Pictures stay out of the copy; set down each line of the listing below exactly.
Top of INPUT DATA
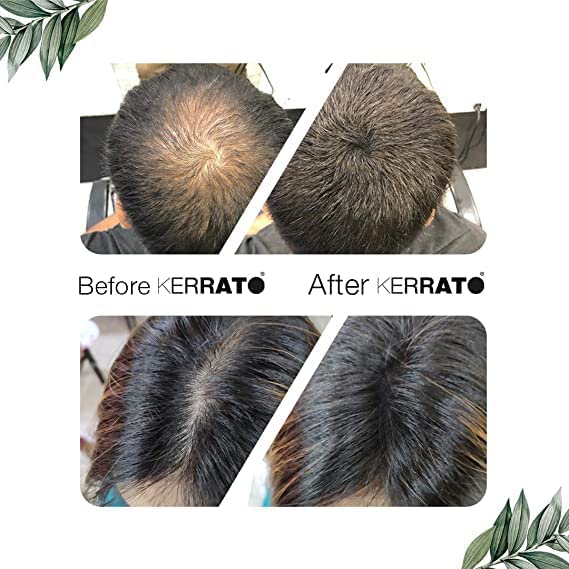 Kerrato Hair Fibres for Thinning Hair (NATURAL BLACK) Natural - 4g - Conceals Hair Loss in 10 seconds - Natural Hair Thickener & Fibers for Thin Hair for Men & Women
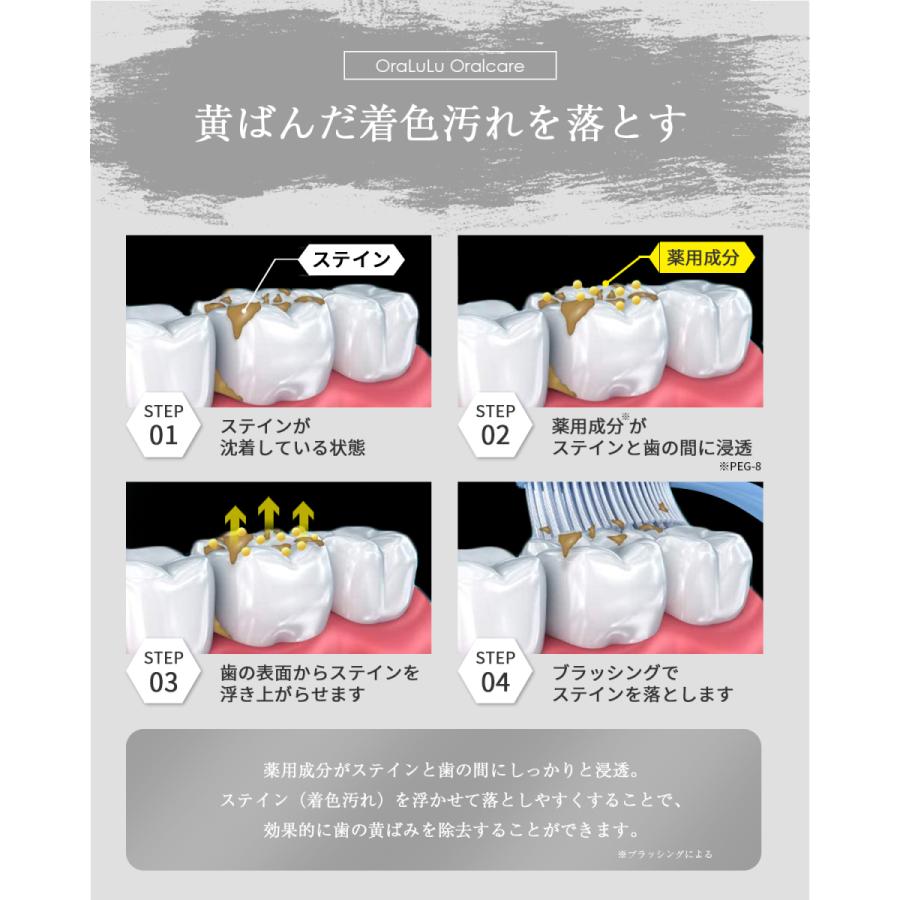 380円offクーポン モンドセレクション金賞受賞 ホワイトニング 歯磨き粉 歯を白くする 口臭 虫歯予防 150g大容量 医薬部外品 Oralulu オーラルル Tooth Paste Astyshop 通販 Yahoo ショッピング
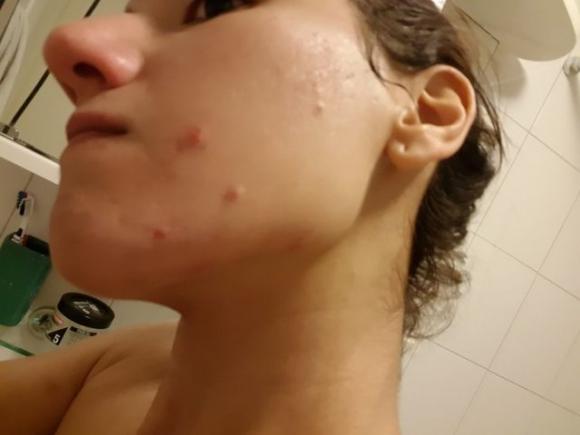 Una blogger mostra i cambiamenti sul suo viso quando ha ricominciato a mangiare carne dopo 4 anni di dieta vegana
Bottom of INPUT DATA
* _RESULT_
 Kerrato Hair Fibres for Thinning Hair (NATURAL BLACK) Natural - 4g - Conceals Hair Loss in 10 seconds - Natural Hair Thickener & Fibers for Thin Hair for Men & Women
 380円offクーポン モンドセレクション金賞受賞 ホワイトニング 歯磨き粉 歯を白くする 口臭 虫歯予防 150g大容量 医薬部外品 Oralulu オーラルル Tooth Paste Astyshop 通販 Yahoo ショッピング
 Una blogger mostra i cambiamenti sul suo viso quando ha ricominciato a mangiare carne dopo 4 anni di dieta vegana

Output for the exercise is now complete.